▶ YOUR ASSIGNMENT: Return the following from the records below: each line, word for word, starting with the line that contains "Trang trọng Lễ" and going on through the line that contains "CÔNG TY TNHH VẬN TẢI & DU LỊCH PHONG CẢNH", with nothing outside that range.

Start of DATA TO PROCESS

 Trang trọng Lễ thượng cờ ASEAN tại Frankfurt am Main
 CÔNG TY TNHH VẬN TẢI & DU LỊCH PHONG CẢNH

End of DATA TO PROCESS
Start of DATA TO PROCESS

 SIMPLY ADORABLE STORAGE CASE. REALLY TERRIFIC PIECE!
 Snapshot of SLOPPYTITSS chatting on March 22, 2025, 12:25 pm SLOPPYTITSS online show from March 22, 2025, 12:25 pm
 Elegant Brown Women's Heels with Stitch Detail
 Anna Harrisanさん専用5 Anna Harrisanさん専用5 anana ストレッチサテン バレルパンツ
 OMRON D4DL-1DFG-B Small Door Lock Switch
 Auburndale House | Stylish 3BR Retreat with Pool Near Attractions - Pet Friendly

End of DATA TO PROCESS

▶ ANSWER FOR THIS EXERCISE:
 Trang trọng Lễ thượng cờ ASEAN tại Frankfurt am Main
 CÔNG TY TNHH VẬN TẢI & DU LỊCH PHONG CẢNH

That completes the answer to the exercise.